Cinquième étape : on apprend de Bruxelles que Mittal a retiré sa proposition technique pour ULCOS, cette proposition étant insuffisante. Et on découvre qu’il y avait un additif à l’accord avec le gouvernement, qui affirmait que Mittal prendrait les moyens pour faire une nouvelle proposition. Ce qui repousse la relance éventuelle des hauts fourneaux de plusieurs années.
Y aura-t-il une sixième étape ? Cela parait peu probable. Pourtant l’annonce du premier ministre concernant le plan social évité est une déformation de la réalité. D’abord d’un simple point juridique : même si les salariés des hauts fourneaux sont tous reclassés, c’est dans le cadre d’un plan de sauvegarde de l’emploi (cela fait plus de dix ans que les plans sociaux n’existent plus, le gouvernement Jospin les ayant remplacé par des plans de sauvegarde de l’emploi PSE).
Mais aussi dans la réalité. Dans son entretien au JDD, à la question « Mais il y a des suppressions de postes…. », Jean Marc Ayrault répond : « Oui, mais aucun salarié ne sera licencié, il n'y aura aucune mutation subie. Et au moment où, dans d'autres endroits en France, des salariés sont licenciés, c'est très important d'avoir évité le plan social qui était prévu. Il y aura des départs à la retraite, des reclassements sur place. Mais les 2.800 salariés du site, dont les 630 salariés des hauts-fourneaux, ne seront pas licenciés »
Pour valoriser son action, le premier ministre noircit ce qui était prévu. D’abord, seuls 630 salariés étaient concernés par des suppressions de poste. Ensuite, il n’était pas prévu de les licencier, mais de leur proposer des reclassements. Une partie sur place, au sein des autres activités du site. Il est probable que depuis quelques temps, la direction sur place remplace les partants par des intérimaires (elle le fait apparemment depuis plus d’un an sur d’autres sites pour accueillir les mutations venant de Florange). Celles-ci comprenant 2200 salariés, avec une pyramide d’âge sans doute vieillissante. On peut imaginer qu’elles pouvaient proposer une centaine de postes, peut-être plus si des retraites anticipées sont prévues(ou même si on se contente d’attendre une dizaine de mois).
Mais Mittal avait aussi prévu des mutations : avec 20 000 salariés en France, il est possible de proposer plusieurs centaines de postes. Mais on sait aussi que les ouvriers répugnent à déménager ( dans son dernier ouvrage dont je reparlerais, Laurent Davezies signale que dans les cinq années précédant le recensement de 2006, 11% des familles de cadres ont changé de département de résidence et seulement 4% des familles d’ouvriers).
Mittal aurait donc accepté de ne pas laisser aux salariés le seul choix entre la mutation et le licenciement. Acceptons-en l’augure…

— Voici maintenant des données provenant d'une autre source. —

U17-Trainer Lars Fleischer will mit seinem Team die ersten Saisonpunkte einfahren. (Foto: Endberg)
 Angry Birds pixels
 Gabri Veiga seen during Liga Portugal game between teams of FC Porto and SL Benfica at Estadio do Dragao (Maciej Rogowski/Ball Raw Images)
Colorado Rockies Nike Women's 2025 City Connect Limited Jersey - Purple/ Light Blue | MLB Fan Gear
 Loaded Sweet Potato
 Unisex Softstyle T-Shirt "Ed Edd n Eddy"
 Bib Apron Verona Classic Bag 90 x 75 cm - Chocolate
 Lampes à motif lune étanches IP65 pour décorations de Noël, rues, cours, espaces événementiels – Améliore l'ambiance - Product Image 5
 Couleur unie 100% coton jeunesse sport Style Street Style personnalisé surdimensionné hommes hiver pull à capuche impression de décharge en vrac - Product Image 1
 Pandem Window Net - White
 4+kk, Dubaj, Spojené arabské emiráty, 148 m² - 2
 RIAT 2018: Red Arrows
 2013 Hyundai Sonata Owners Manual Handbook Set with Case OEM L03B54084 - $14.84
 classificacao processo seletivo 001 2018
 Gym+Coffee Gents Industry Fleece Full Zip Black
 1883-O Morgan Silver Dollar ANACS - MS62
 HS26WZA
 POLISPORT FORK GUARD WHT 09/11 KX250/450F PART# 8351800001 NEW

Dans l’affaire, les salariés se sont à juste titre sentis floués : les syndicats ont bien compris qu’on leur avait raconté des histoires.
Le résultat final montre qu’entre les rêves de la gauche du PS et d’Arnaud Montebourg et le réalisme social-démocrate, le Président et son premier ministre ont su imposer le deuxième choix. Je ne peux que m’en réjouir, mais c’est un choix qui n’avait pas été clairement affiché pendant la campagne électoral, pour obtenir le vote d’une partie des socialistes, pour garantir le report des électeurs de J L Mélenchon. C’était peut-être indispensable pour gagner, mais le gouvernement en paye aujourd’hui le prix en terme de lisibilité de son action et en terme de popularité. Et le pays aussi.